A few days ago, the Economist Intelligence Unit's (EIU) Hong Kong-based Asia-Pacific research department published a survey predicting that Taiwan's economic growth rate for the next 15 years would remain at a low average 3 percent per year. It also saw no future for Taiwan's financial sector because Taiwan has chosen to isolate itself and domestic political conflict.
Based on certain premises -- if, say, Taiwan's China-bound investment remains high at 2 percent to 5 percent of Taiwan's GDP -- it is possible the EIU's assessment will prove correct, but there are other the reasons for the lackluster performance of the nation's financial sector and modest growth outcomes.
People can get used to anything: residing in Hong Kong, it is only natural to make the non-state Hong Kong one's point of departure. The view of economic causes and effects in independence-leaning Taiwan, however, is very different.
Comparing Taiwan with China, whose financial sector is freer? The answer is, of course, Taiwan. According to the ratings of international research institutions, excluding the city-states of Hong Kong and Singapore, Taiwan's economy is Asia's freest.
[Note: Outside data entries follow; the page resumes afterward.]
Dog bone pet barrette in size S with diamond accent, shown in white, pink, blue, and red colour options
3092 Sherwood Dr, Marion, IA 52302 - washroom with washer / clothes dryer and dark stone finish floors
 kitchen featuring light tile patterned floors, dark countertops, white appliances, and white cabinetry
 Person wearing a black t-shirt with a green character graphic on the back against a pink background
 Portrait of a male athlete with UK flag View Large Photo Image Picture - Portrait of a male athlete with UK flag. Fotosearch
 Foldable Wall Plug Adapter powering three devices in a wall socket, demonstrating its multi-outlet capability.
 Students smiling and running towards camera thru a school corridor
Taiwan's financial sector is open to global markets.
Is it fair that it is being called isolationist simply because direct exchanges with China are restricted? It is clear that the EIU commentators have completely incorporated the Hong Kong perspective into their analysis and that their thinking is focused on the Chinese market, while ignoring the fact that Taiwan's national security and sovereignty are under direct threat from China.
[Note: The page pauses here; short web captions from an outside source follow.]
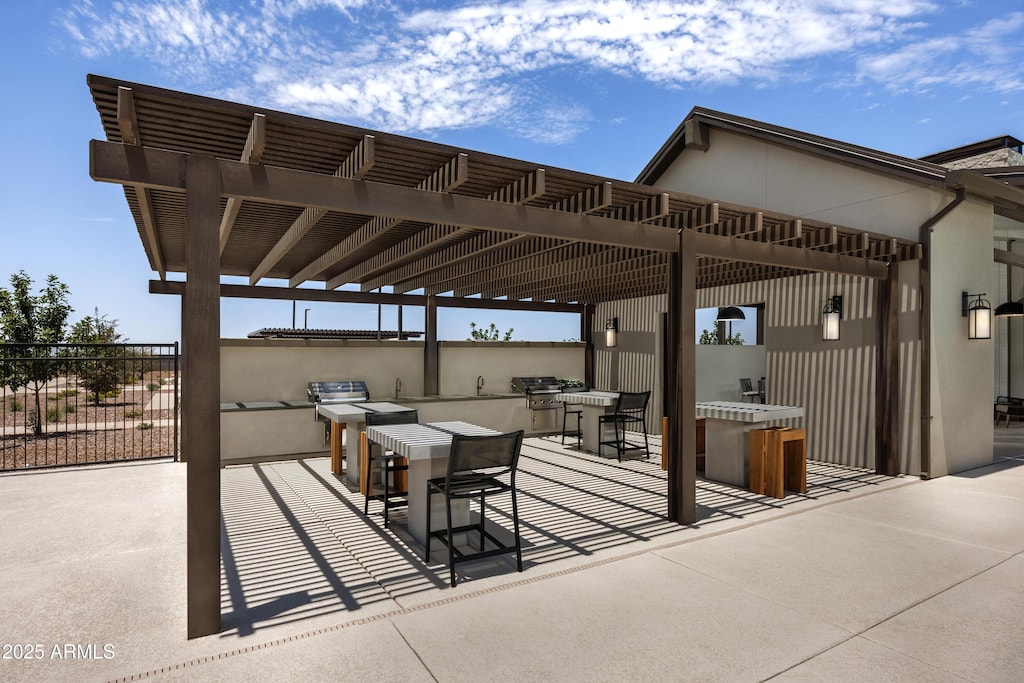 view of patio / terrace with an outdoor kitchen, a pergola, and a grill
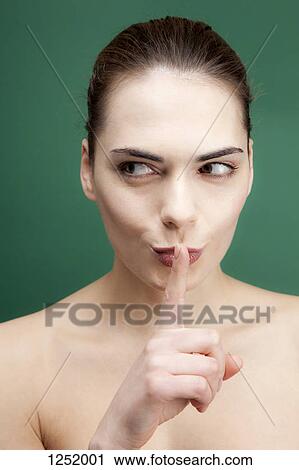 A young woman looking to the side while putting her finger to her lips playfully View Large Photo Image Stock Image - A young woman looking to the side while putting her finger to her lips playfully. Fotosearch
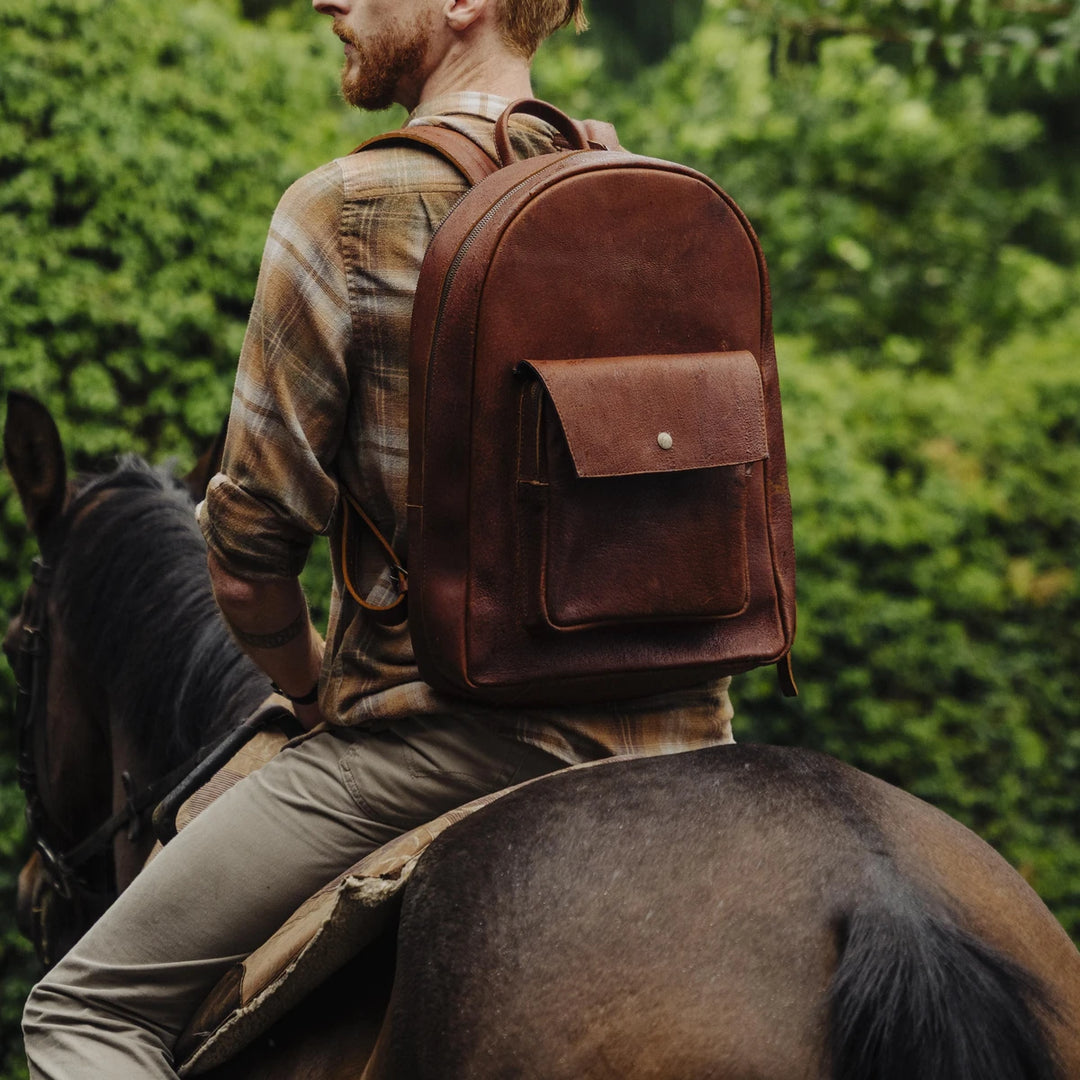 Man riding a horse wearing a brown  cognac jabari boar leather backpack in a forest setting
Does Taiwan's financial sector, and the banking sector in particular, really have no future as the EIU claims? The EIU forecast could be right, but this has nothing to do with isolationalist policies or domestic politics.
The nation's banking sector is an industry that has long been robust, and it is closely related to the performance of the real economy.
Taking Japan as an example, its banking sector dominated the world in the 1980s, and it almost bought the Bank of America. But as Japan's economy stagnated in the early 1990s, the bank sector saw troubled times. Japanese institutions had no choice but to retrench and withdraw from international markets.
This means that when a nation's economy collapses, the banking sector will suffer the most. Taiwan's bad debt crisis around 2000 was the result of a downturn in the real-estate market and business bankruptcies. In other words, whether or not Taiwan's financial sector has a future will depend on if Taiwan can regain past economic growth rates of 6 percent to 8 percent.
Today, the banking sector is facing hard times. Several large Taiwanese banks recently refused to accept long-term time deposits, sparking protests among major clients. The question is why would a bank refuse to accept deposits? The answer is that banks cannot find enough borrowers to use the available funds.
In the past, domestic investment rates were high and there were no worries about finding people who needed money to invest. With the opening of cross-strait investment in 1990, however, the situation changed sharply as local investment dropped and banks' annual loan rates declined.
In 2001, when the government adopted the active opening policy, domestic investment rates slid further to a mere 17 percent and business demand for loans also shrank sharply. Too many deposits and too few borrowers has led to a shrinking interest rate spread and dwindling profits. It is evident that the China-bound flow of capital is the source of the banking industry's current difficulties.